Benefits are vital to my health and financial security, but I don’t rush to enroll. Before I started this HR journey, I used to wait until the last minute to read benefit enrollment information each year.
Whenever the mail carrier delivered that hefty benefit envelop, I immediately open it, scanned it for anything that warranted attention, shoved it in a pile somewhere on the desk, and set a reminder to complete it before the deadline. I wouldn’t say I dreaded it, but some employees might.
Like many workers, I just want to make the best decision for my family. Because I have too much on my plate, most of the time, I put enrolling on hold until I can read the information and compare options with a clear head. Honestly, with everything going on in your life right now, do you really want to sift through an enormous benefits book or sit through yet another hour-long mind-numbing open enrollment presentation?
Seriously, I’ve had my share of sitting through lengthy PowerPoint presentations with that small voice repeating in my head, “Just tell me what I need to know.” Concurring with Stephen Miller, CEBS, “Millennials aren’t the only employees whose eyes glaze over when HR describes benefit options.” Some folk won’t admit it, but that’s exactly how it feels. There are always employees who just want HR to tell them what to do too. Some even prefer HR hold their hand and read every single word line-by-line for them.

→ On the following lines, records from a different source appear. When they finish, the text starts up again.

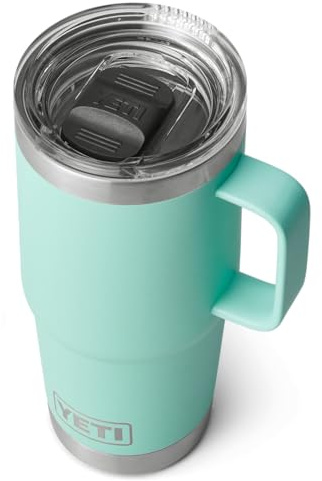YETI Rambler Travel Mug, Stainless Steel Vacuum Insulated Mug with Stronghold Lid, Seafoam, 20 oz (591 ml)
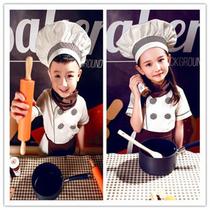 Kids Chef Suit Boys and Girls Costume Baking Kindergarten Little Chef Role Play Costume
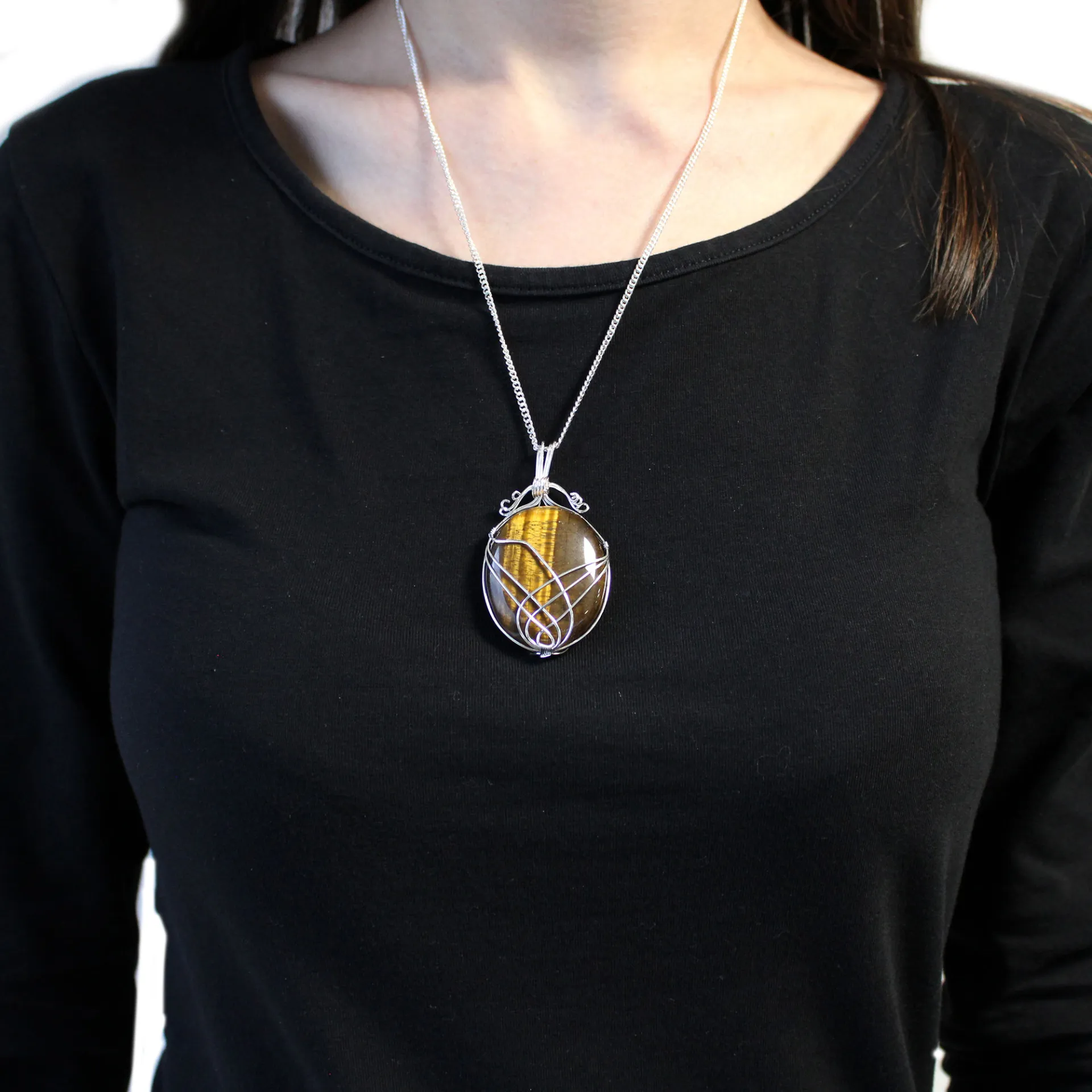 Elegant Swirl Wrapped Tiger Eye Gemstone Necklace - 50cm Chain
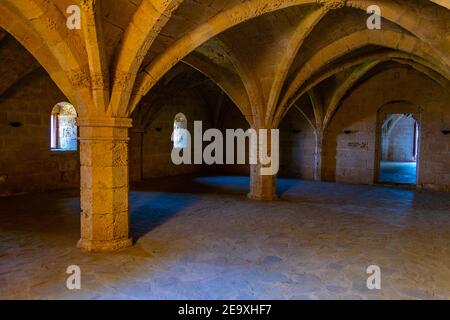 Volta dell'abbazia di Bellapais a Beylerbeyi villaggio nel nord di Cipro Foto Stock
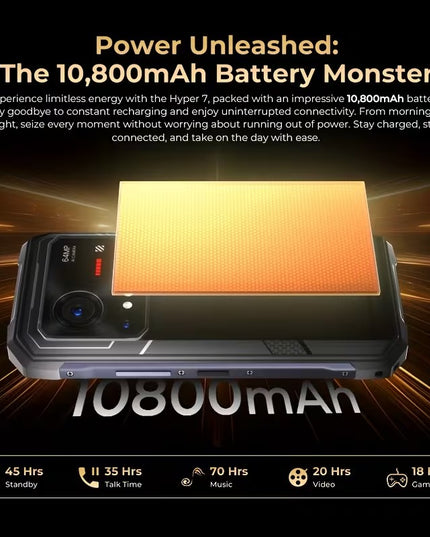 HOTWAV Hyper 7 patvarus 5G telefonas – 8GB RAM + 256GB ROM, 10800mAh, 120Hz FHD+, geltonas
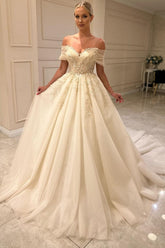 Champagne Tulle A Line Wedding Dress with Off Shoulder Straps and Beaded Appliques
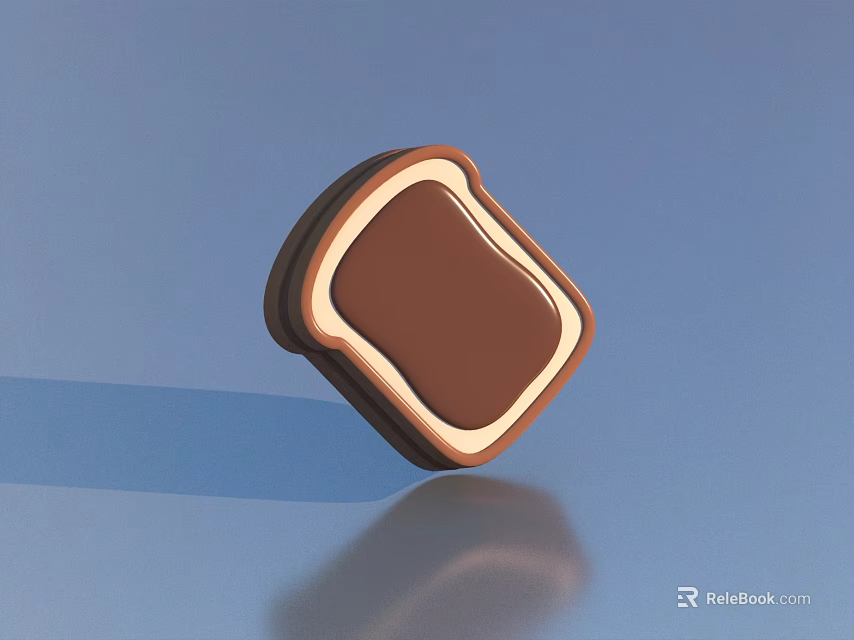 Delicious Toast With Chocolate Spread On Blue Background And Reflection 3d model 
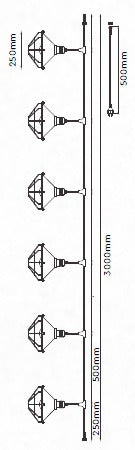 3m "Vintage design" string, intended for 6x E27 bulbs, V-TAC, IP65, gray/rose gold matte, distance between sockets 0.5m x6gb, socket diameter 25cm, 8kg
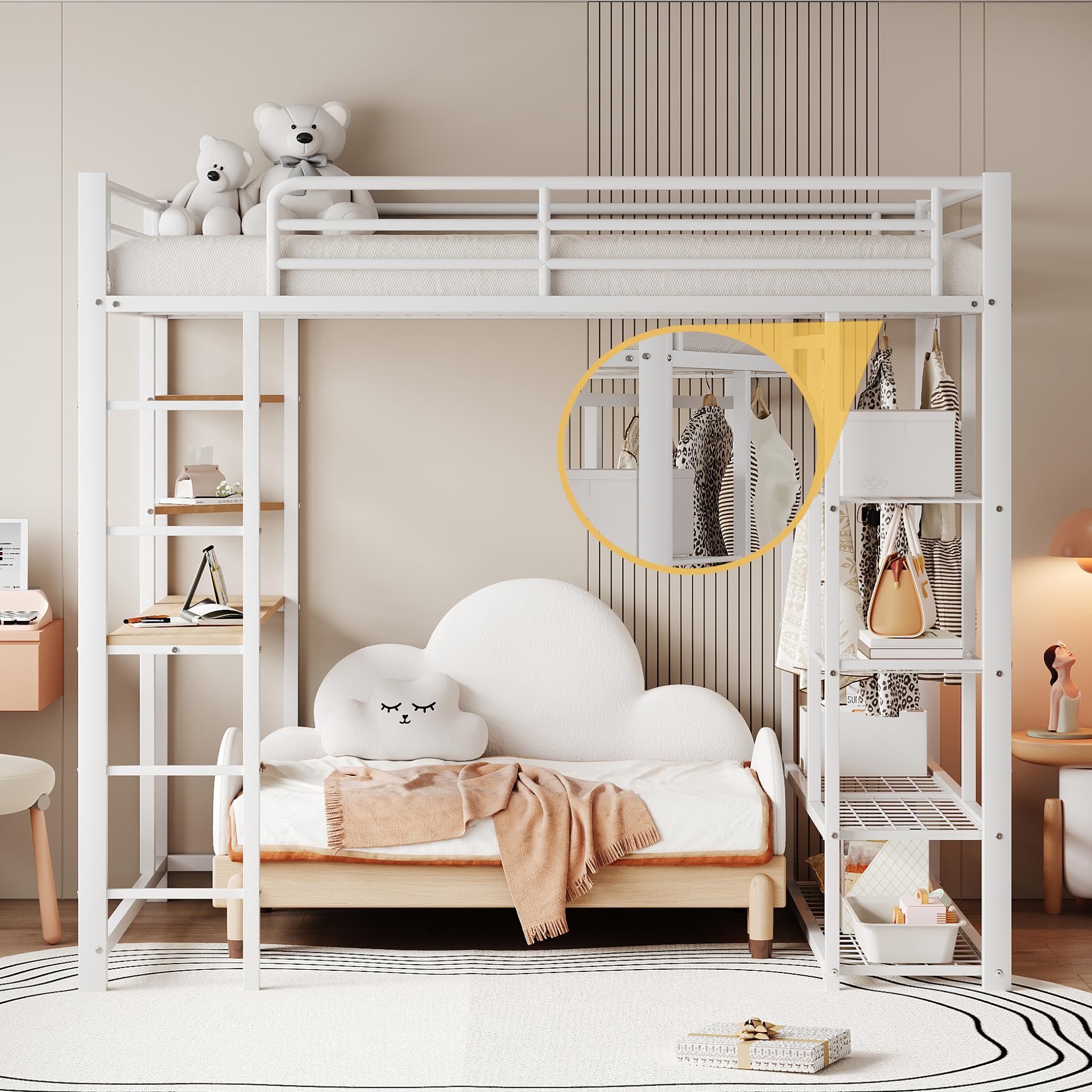 Dolamani Letto a Soppalco 90x200 Bianco con Scrivania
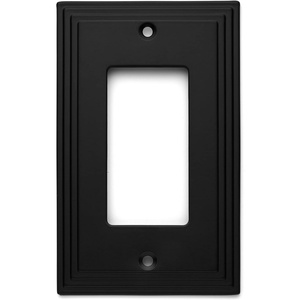 image:imageCosmas 25000FB Flat Black Single GFIDecora Rocker Wall Switch Plate Switchplate Cover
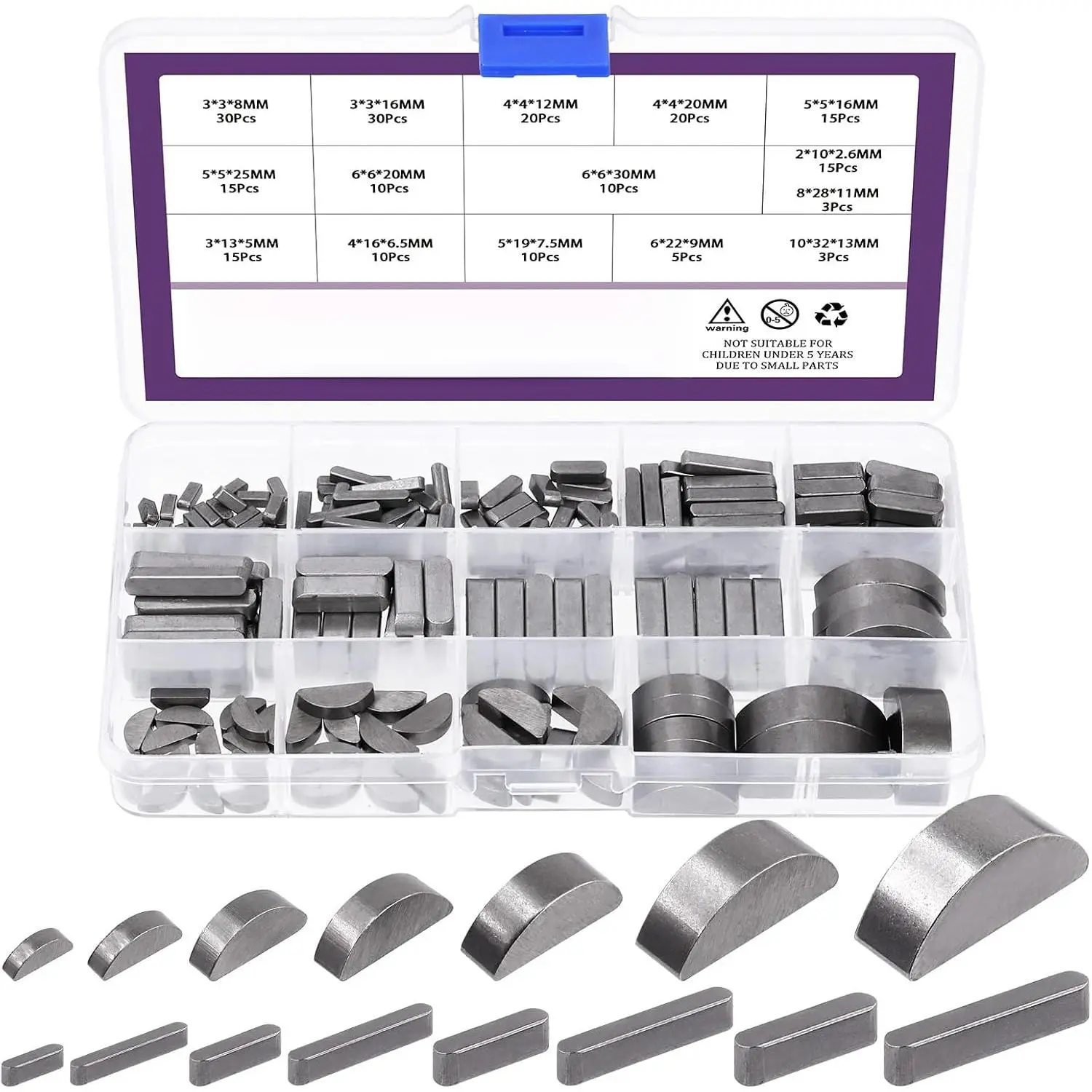 Metric spline key combination kit, containing 15 sizes of spline half-round keys, half-round keys, key slot shaft crank keys, parallel drive shaft keys, suitable for use in the fastener and mechanical industry for crankshafts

When it comes to open enrollment, tell employees what they need to know. Instead of relying heavily on PowerPoint presentations, try different methods. Games, for example, are a creative and exciting way to communicate benefit information. Keep it succinct. Use a format that best fits the audience. For instance, employees who are pressed for time only want to know what’s changing and how it benefits them. Having changes front and center with timelines to compare the options side by side can help streamline the enrollment process.